Data below:
_____
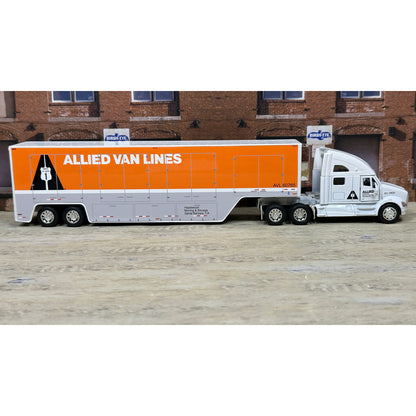 Model of a truck with 'Allied Van Lines' branding in front of a brick building.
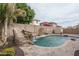 Inviting backyard with a refreshing pool, rock waterfall feature, and privacy wall with bougainvillea at 15658 W Cortez St, Surprise, AZ 85379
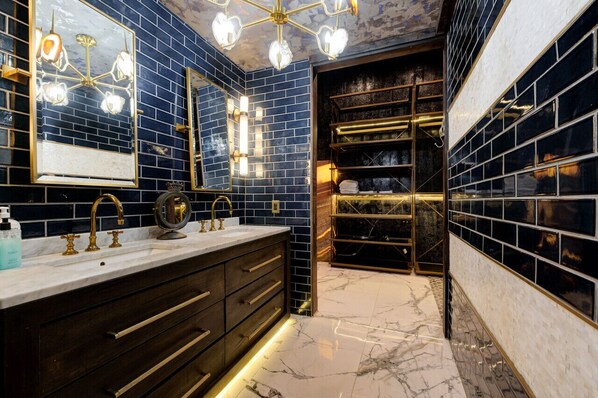 A modern bathroom with a large mirror, dual sinks, and a vanity with drawers.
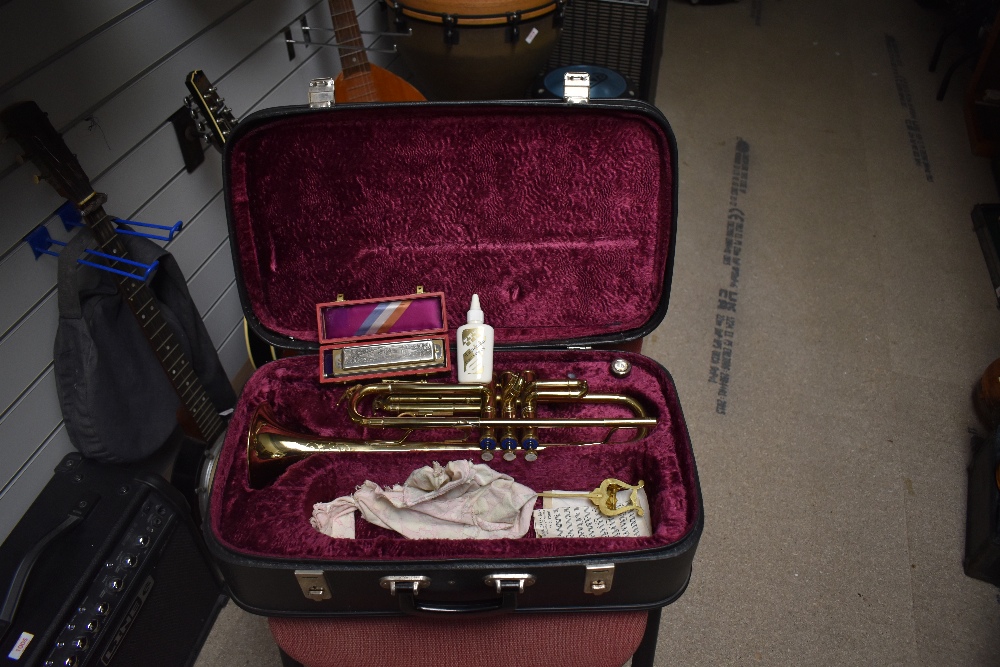 A Corton trumpet in fitted case and a vintage Hohner harmonica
_____
What to produce:
Print the listing exactly, pictures excluded.

Answer to the exercise:
 Model of a truck with 'Allied Van Lines' branding in front of a brick building.
 Inviting backyard with a refreshing pool, rock waterfall feature, and privacy wall with bougainvillea at 15658 W Cortez St, Surprise, AZ 85379
 A modern bathroom with a large mirror, dual sinks, and a vanity with drawers.
 A Corton trumpet in fitted case and a vintage Hohner harmonica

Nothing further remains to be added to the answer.